====== Input data

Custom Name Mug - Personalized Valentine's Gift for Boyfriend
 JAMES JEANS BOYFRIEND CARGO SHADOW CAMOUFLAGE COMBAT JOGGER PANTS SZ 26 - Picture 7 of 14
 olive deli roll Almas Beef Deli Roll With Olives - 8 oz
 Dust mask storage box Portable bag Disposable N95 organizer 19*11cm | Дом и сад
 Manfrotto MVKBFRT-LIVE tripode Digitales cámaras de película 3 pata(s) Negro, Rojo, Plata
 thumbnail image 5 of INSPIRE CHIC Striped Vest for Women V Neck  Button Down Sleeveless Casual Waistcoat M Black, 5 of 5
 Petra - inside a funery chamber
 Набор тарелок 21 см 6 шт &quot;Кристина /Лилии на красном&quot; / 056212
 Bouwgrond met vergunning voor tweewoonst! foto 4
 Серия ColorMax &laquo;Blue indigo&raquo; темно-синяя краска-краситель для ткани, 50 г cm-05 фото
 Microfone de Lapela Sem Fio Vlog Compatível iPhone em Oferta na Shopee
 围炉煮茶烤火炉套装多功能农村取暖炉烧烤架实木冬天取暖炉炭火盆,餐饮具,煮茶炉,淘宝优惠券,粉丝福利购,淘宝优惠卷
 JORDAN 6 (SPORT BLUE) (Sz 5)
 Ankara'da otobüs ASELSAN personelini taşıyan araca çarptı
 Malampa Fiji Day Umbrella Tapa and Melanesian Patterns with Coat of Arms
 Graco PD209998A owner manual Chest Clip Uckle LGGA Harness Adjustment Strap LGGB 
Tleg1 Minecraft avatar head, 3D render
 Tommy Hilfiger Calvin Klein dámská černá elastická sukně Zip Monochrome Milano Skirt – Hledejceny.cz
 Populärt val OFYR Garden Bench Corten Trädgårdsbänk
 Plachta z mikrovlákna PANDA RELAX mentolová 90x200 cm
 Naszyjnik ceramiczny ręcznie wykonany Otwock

============

- Task
Given the records above, restate word for word only the lines starting at the one with "Malampa Fiji Day" and ending at the one with "Populärt val OFYR".

- Written response
 Malampa Fiji Day Umbrella Tapa and Melanesian Patterns with Coat of Arms
 Graco PD209998A owner manual Chest Clip Uckle LGGA Harness Adjustment Strap LGGB 
Tleg1 Minecraft avatar head, 3D render
 Tommy Hilfiger Calvin Klein dámská černá elastická sukně Zip Monochrome Milano Skirt – Hledejceny.cz
 Populärt val OFYR Garden Bench Corten Trädgårdsbänk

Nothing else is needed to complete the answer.